The Wake County school board is scheduled to vote Tuesday on an $835,000 contract to pay for one security guard to be assigned to each of the district’s 105 elementary schools the rest of this school year.

School board chairman Keith Sutton said Saturday that school administrators are budgeting $2.375 million into the 2013-14 school year budget to keep the guards year-round.

“This gives us some sort of a security presence at all our elementary schools,” Sutton said.

The additional security is the result of a districtwide review that was launched after a gunman killed 20 children and six school staff members last month at Sandy Hook Elementary School in Connecticut. An update on the school security review will be given to the school board Tuesday.

Following the Connecticut school massacre, school districts nationally have been debating what to do with elementary schools, which typically don’t have security guards.

Wake, like most school districts, only has armed law enforcement personnel, called school resource officers, at high schools and middle schools. These officers are jointly paid for by the school district and the law-enforcement agencies.

A handful of Wake elementary schools, mostly magnet schools in Southeast Raleigh, already have an unarmed private security guard assigned to them. Based on the review, Sutton said school staff recommended that all the elementary schools have this same level of security.

The National Rifle Association has called for an armed guard at every elementary school following the Connecticut shooting. Wake isn’t going that far.

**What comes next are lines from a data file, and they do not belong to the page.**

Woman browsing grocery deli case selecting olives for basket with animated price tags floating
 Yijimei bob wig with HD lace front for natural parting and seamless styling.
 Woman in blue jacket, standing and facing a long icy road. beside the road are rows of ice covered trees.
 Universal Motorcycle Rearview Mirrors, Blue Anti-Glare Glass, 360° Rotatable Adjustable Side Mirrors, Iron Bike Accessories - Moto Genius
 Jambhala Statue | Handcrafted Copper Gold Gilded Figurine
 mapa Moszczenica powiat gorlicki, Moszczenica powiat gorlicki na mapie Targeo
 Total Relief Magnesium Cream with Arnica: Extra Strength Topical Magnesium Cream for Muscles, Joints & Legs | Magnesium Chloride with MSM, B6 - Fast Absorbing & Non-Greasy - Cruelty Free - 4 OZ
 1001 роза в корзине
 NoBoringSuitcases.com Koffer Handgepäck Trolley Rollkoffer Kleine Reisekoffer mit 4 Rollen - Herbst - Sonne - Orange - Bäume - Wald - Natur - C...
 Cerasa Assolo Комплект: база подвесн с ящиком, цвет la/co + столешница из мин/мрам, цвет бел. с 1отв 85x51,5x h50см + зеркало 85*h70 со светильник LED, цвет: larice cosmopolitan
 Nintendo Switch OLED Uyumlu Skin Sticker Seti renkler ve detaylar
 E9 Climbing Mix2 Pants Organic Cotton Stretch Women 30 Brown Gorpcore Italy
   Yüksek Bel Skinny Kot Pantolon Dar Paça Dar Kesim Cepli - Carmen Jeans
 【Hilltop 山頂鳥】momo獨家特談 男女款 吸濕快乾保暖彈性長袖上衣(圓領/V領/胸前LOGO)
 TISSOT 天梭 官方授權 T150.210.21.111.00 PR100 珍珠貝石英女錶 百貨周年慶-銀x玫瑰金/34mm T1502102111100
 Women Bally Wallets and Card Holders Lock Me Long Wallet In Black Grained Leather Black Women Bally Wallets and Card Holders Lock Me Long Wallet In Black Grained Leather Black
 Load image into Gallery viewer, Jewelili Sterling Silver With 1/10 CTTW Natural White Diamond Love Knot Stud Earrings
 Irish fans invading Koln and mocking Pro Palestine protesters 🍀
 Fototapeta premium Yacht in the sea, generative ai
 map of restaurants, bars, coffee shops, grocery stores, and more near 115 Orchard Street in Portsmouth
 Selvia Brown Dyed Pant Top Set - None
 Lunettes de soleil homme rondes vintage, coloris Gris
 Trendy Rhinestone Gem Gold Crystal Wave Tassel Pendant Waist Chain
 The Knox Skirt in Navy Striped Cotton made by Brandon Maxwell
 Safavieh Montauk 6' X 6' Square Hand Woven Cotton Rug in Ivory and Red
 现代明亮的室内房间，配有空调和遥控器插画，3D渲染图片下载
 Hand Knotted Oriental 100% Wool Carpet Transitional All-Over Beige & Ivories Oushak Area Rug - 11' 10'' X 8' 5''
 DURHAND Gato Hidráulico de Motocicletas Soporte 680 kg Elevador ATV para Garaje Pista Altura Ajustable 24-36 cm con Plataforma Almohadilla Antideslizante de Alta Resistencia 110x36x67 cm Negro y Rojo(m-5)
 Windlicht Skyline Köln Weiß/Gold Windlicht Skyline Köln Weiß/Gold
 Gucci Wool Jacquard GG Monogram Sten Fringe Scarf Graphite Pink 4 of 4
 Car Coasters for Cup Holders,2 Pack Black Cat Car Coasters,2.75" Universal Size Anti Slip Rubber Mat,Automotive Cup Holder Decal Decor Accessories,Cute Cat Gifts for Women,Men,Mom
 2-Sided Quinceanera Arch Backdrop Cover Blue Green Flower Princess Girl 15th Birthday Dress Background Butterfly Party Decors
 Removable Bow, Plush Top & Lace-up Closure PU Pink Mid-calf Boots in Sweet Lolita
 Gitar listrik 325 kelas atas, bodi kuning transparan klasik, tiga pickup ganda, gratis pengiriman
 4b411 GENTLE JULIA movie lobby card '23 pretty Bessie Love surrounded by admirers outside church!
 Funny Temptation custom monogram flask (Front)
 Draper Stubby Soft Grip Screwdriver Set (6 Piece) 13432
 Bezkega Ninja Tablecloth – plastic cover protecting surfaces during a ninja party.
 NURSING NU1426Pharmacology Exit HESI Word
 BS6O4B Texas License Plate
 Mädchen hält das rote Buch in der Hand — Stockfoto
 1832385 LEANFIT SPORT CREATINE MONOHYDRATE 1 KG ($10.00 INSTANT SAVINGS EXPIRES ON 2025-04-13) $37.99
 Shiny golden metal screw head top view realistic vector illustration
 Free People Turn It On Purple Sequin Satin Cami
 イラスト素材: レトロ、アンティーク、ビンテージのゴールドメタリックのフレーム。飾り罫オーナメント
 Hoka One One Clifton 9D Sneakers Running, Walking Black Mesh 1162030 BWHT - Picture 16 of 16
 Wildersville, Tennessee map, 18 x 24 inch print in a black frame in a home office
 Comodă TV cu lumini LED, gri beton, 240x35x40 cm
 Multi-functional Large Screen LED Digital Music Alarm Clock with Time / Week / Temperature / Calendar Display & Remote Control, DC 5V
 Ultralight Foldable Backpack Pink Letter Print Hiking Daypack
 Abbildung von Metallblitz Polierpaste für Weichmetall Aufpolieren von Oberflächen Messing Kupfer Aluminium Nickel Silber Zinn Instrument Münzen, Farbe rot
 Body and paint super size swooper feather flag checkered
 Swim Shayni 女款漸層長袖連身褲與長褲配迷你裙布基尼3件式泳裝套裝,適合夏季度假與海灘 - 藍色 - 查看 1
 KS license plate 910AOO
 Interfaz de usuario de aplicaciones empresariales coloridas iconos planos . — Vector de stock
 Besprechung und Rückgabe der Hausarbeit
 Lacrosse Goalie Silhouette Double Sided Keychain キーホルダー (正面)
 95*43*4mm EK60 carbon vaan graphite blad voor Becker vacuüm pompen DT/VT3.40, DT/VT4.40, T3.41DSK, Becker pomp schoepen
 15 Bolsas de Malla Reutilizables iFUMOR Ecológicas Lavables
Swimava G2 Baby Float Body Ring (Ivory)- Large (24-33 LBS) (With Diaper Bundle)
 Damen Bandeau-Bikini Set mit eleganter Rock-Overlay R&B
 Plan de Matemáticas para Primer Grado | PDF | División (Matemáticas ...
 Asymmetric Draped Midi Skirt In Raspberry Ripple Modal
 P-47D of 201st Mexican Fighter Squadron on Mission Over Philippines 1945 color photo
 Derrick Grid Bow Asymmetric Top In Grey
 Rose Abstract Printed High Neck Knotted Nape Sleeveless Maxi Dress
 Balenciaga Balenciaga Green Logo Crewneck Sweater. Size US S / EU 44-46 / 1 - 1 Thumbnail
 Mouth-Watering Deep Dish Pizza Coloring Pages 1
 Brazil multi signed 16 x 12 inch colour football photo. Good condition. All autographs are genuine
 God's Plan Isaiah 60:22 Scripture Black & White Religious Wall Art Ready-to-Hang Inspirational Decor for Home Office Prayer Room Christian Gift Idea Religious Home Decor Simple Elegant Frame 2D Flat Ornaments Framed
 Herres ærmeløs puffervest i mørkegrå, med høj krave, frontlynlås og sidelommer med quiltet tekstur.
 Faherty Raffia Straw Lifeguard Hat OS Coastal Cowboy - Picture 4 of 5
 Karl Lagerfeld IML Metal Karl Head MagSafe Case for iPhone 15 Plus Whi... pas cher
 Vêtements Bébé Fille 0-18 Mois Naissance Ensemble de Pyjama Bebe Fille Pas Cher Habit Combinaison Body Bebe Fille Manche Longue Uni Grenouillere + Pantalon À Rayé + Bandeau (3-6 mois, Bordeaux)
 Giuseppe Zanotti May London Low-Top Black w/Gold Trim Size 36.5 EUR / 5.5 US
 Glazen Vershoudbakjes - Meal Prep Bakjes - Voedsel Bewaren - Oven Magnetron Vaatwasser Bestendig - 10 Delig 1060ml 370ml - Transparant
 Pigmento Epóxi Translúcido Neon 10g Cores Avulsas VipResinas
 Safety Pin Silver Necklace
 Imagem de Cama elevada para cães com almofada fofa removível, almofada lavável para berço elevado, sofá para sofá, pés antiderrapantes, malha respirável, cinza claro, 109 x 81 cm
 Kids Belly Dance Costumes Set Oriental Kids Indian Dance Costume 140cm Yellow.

“They aren’t trained law enforcement,” Sutton said of the private guards. “They aren’t armed. They’re a different sort of deal. But I think they can be effective.”

School security staff are recommended contracting with Allied Barton Security, which already provides security at all the high schools and the district’s headquarters in Cary. Those high school guards work with the school resource officers and patrol the parking lots.

The new guards would begin at the elementary schools March 1. Sutton said they need to give Allied Barton time to hire the additional staff.

The decision to place the guards at elementary schools was criticized by Jason Langberg, an attorney for Advocates for Children’s Services, a project of Legal Aid of N.C. Langberg, who represents students facing suspensions and criminal charges, called it a political gesture and said there’s no proof that the extra security will work.

“I guess it’s time to start treating our elementary school students as criminals,” he said.